■ **Listed records**:
┌──

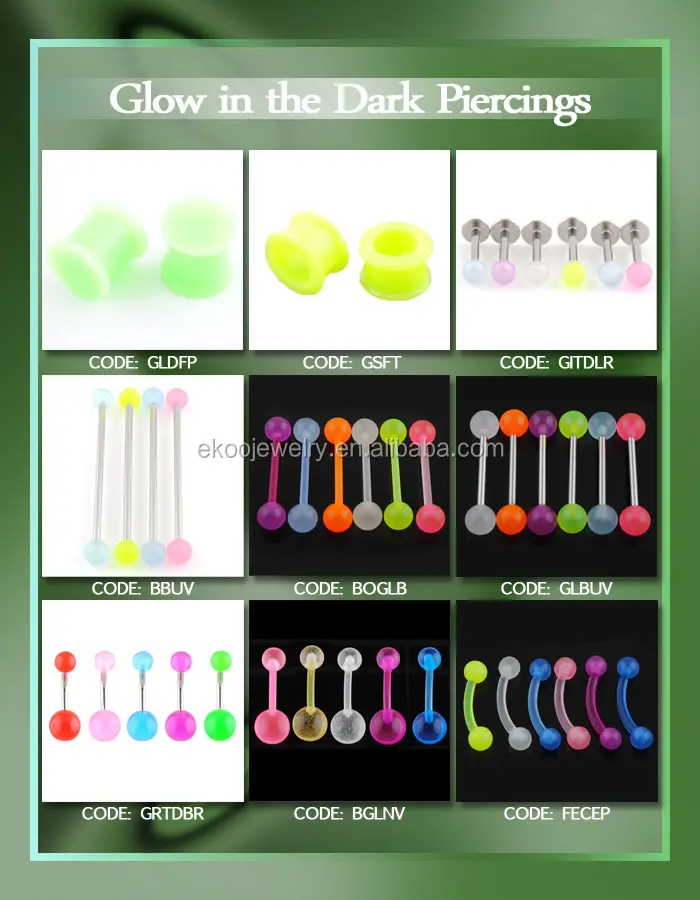 Bio Plastic Glow in the Dark Body Piercing Jewelry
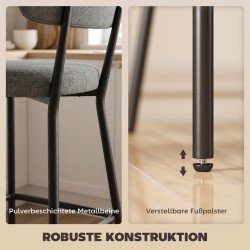 Baarituoli keittiösaarekkeelle 2 kpl, pehmustettu kaarevalla selkänojalla, metalli/polyesteri, harmaa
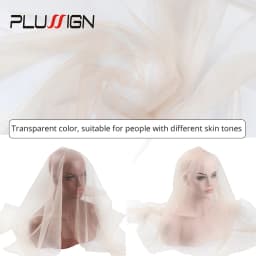 Plussign 1/4 Yard Hair Weaving Netting Top Swiss Lace Material Basement Foundation Toupee Frontal Closure Net For Making Wigs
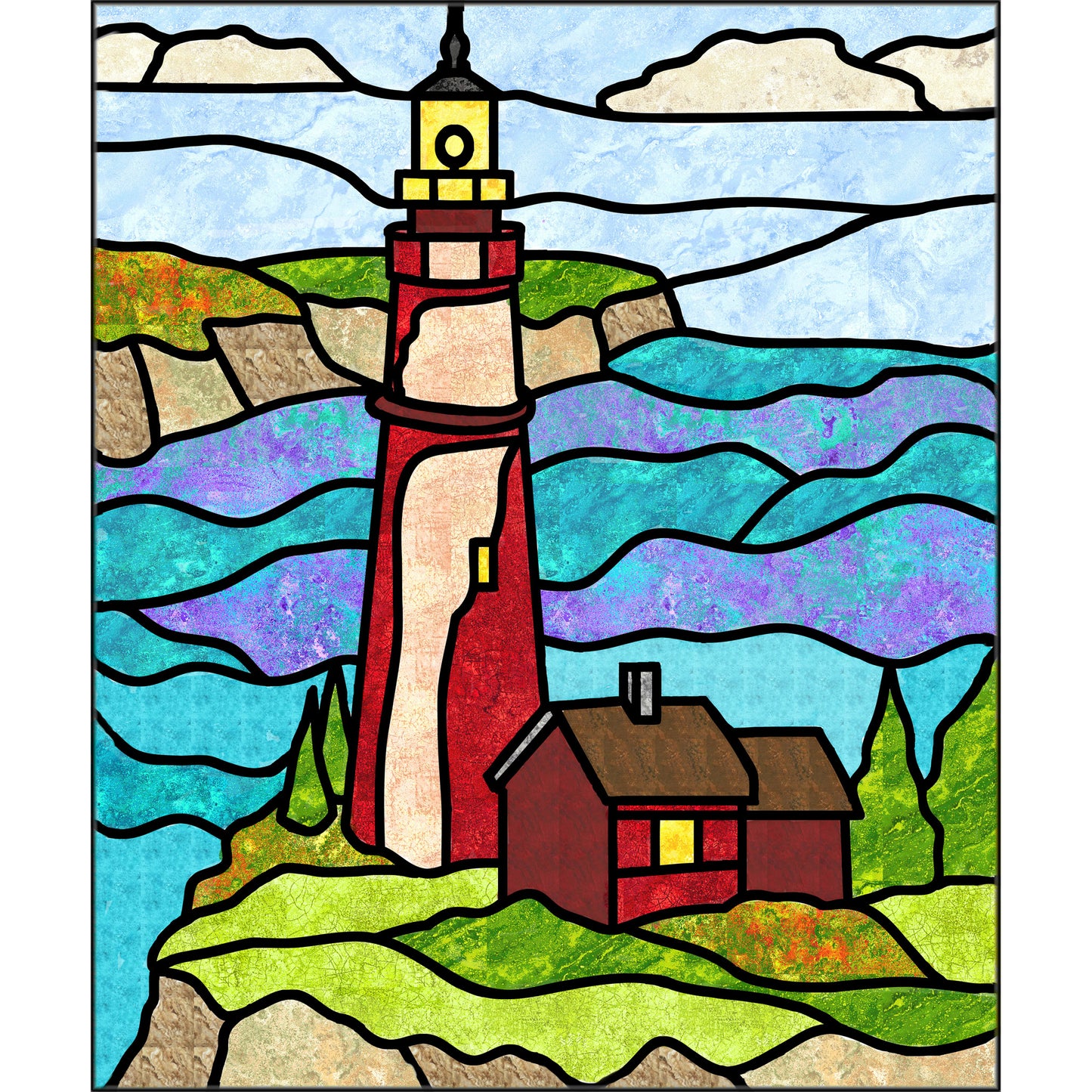 Lighthouse 1 Stained Glass Quilt Pattern PES-103 - Paper Pattern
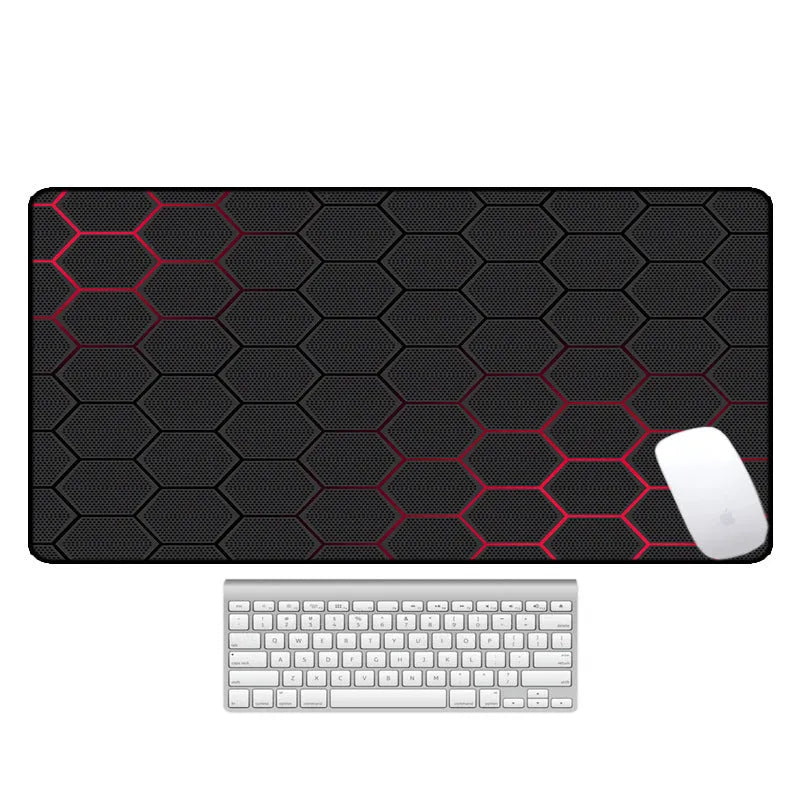 Large natural rubber desk mat with printed pattern, shown on a desk with keyboard and mouse.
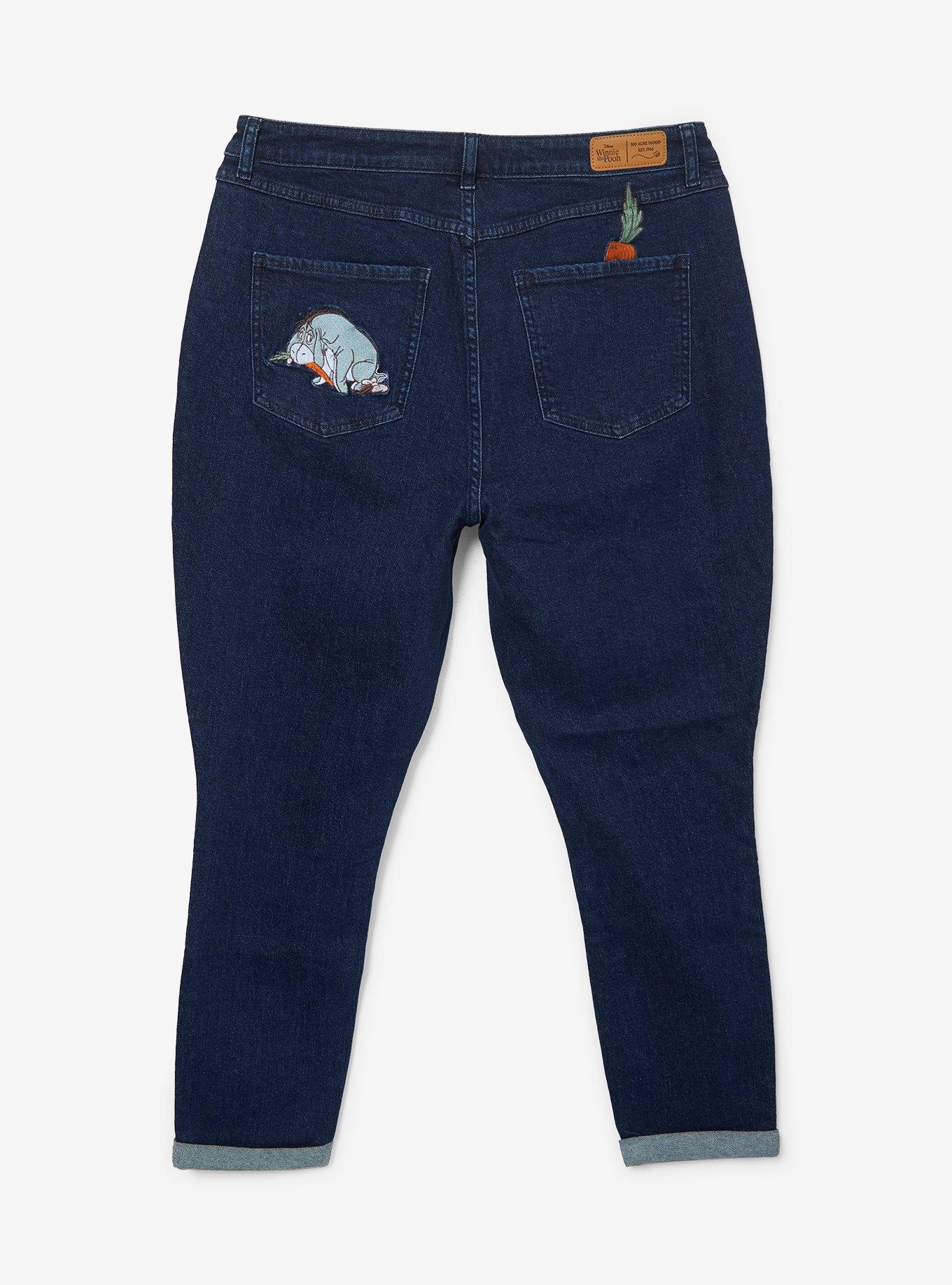 Disney Winnie the Pooh Harvest Embroidered Women's Plus Size High-Waisted Mom Jeans - BoxLunch Exclusive, , hi-res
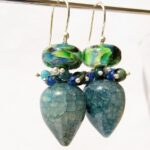 Sterling zilveren oorbellen met agaat druppels en lampwork glaskralen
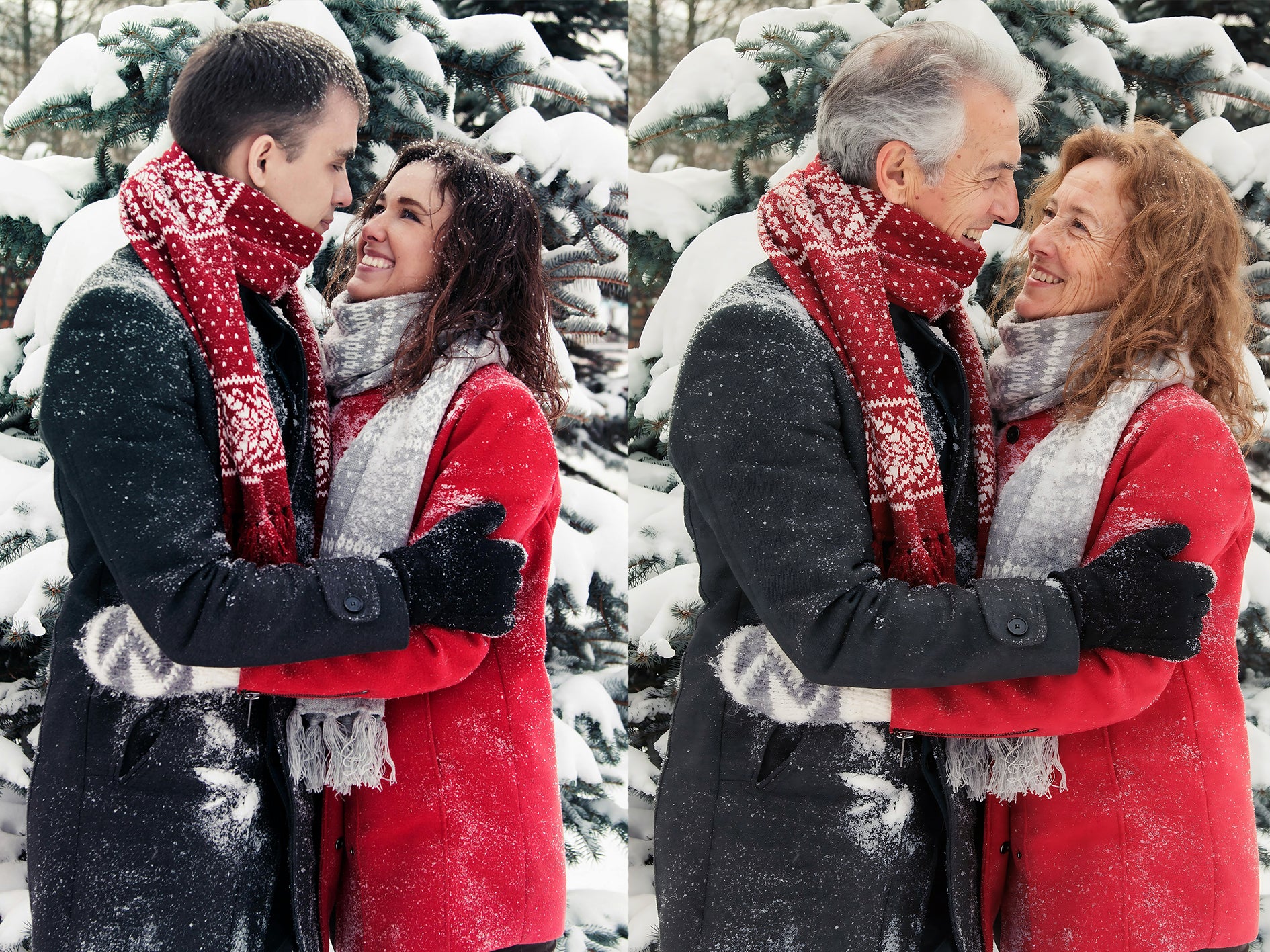 Two couples in winter clothing embracing in a snowy forest.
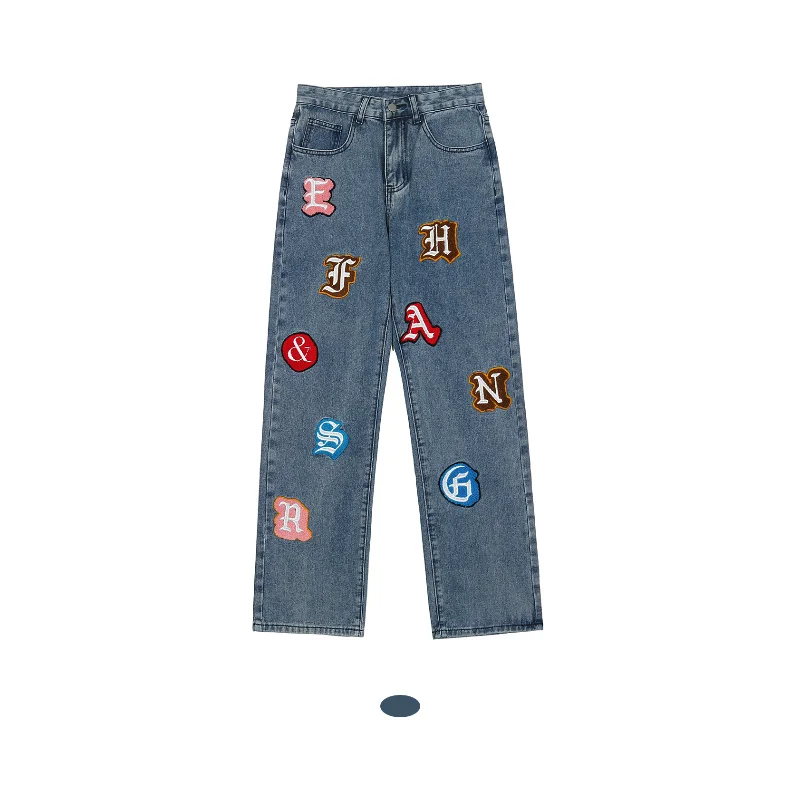 High Street Vintage Casual Jeans Men's Harajuku Straight Washed Oversize Loose Denim Trousers Male Letter Patch Streetwear Pants 1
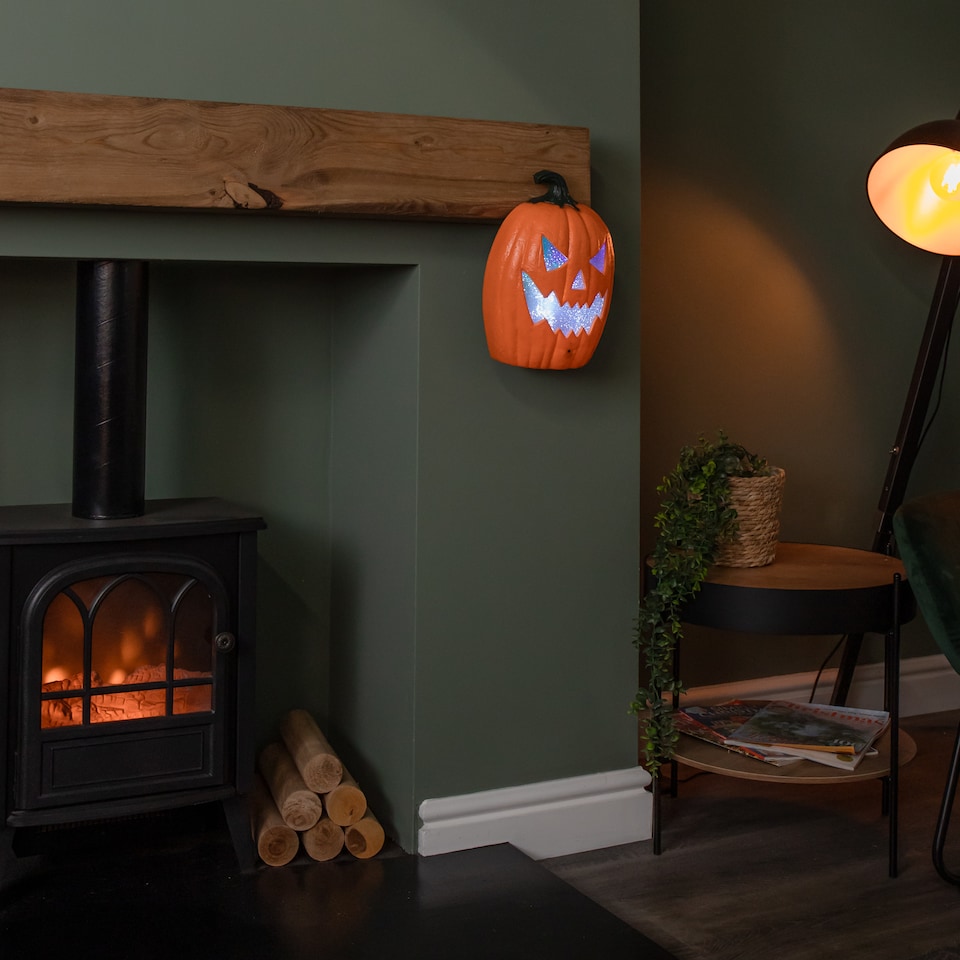 image 1 of 22cm Battery Operated Light up Laughing Jack O' Lantern Halloween Decoration with LEDs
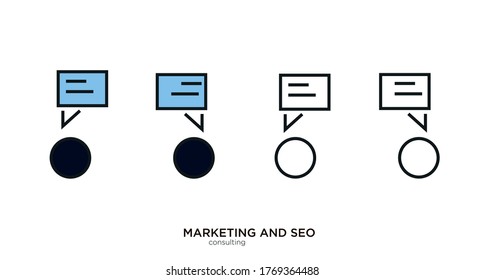 Consulting vector illustration lineal color and filled design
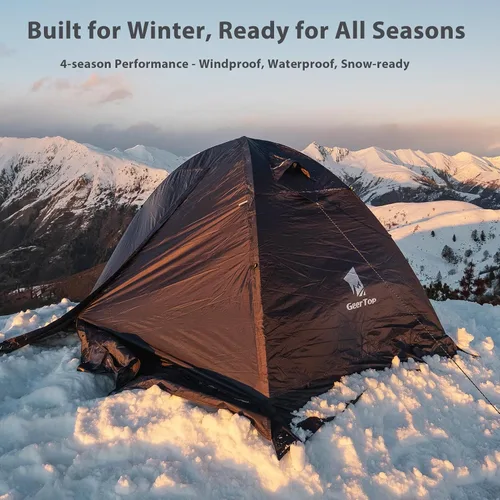 Vista 3 de GEERTOP 2 Person Backpacking Tent, 4 Season Waterproof Tent for Camping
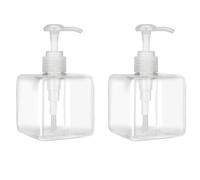 Jansburg - Dispenser per lozioni, 250 ml, 2 pezzi, ricaricabile, quadrato, in plastica, per lozioni, oli essenziali, sapone, lozioni, shampoo, bagno e viaggi, trasparente
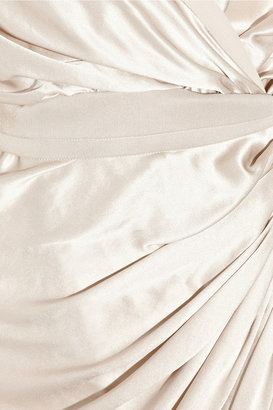 Asymmetric silk-satin wrap gown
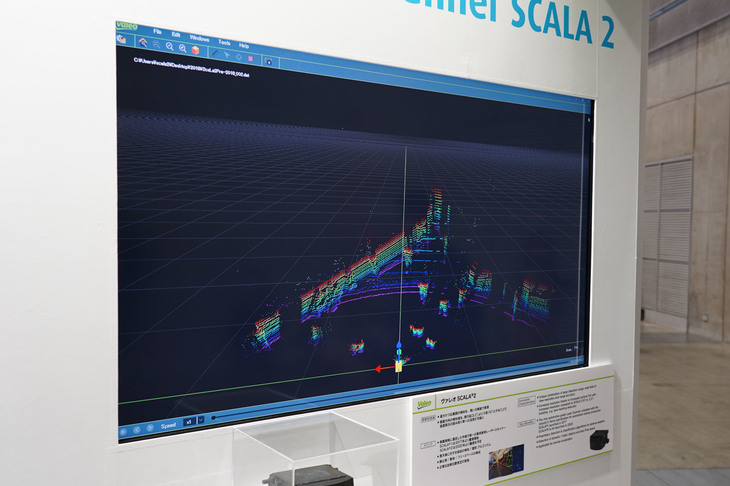 「SCALA2」によるセンシングのイメージ図。縦方向の走査角度が約3倍になったことで地面の白線を読み取ることが可能になり、より高精度な運転支援システムが実現できる。2020年に量産開始予定。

└──

■ **Task statement**: All that is needed is an exact copy of the entries above, minus the pictures.

■ **Written answer**:
 Bio Plastic Glow in the Dark Body Piercing Jewelry
 Baarituoli keittiösaarekkeelle 2 kpl, pehmustettu kaarevalla selkänojalla, metalli/polyesteri, harmaa
 Plussign 1/4 Yard Hair Weaving Netting Top Swiss Lace Material Basement Foundation Toupee Frontal Closure Net For Making Wigs
 Lighthouse 1 Stained Glass Quilt Pattern PES-103 - Paper Pattern
 Large natural rubber desk mat with printed pattern, shown on a desk with keyboard and mouse.
 Disney Winnie the Pooh Harvest Embroidered Women's Plus Size High-Waisted Mom Jeans - BoxLunch Exclusive, , hi-res
 Sterling zilveren oorbellen met agaat druppels en lampwork glaskralen
 Two couples in winter clothing embracing in a snowy forest.
 High Street Vintage Casual Jeans Men's Harajuku Straight Washed Oversize Loose Denim Trousers Male Letter Patch Streetwear Pants 1
 image 1 of 22cm Battery Operated Light up Laughing Jack O' Lantern Halloween Decoration with LEDs
 Consulting vector illustration lineal color and filled design
 Vista 3 de GEERTOP 2 Person Backpacking Tent, 4 Season Waterproof Tent for Camping
 Jansburg - Dispenser per lozioni, 250 ml, 2 pezzi, ricaricabile, quadrato, in plastica, per lozioni, oli essenziali, sapone, lozioni, shampoo, bagno e viaggi, trasparente
 Asymmetric silk-satin wrap gown
 「SCALA2」によるセンシングのイメージ図。縦方向の走査角度が約3倍になったことで地面の白線を読み取ることが可能になり、より高精度な運転支援システムが実現できる。2020年に量産開始予定。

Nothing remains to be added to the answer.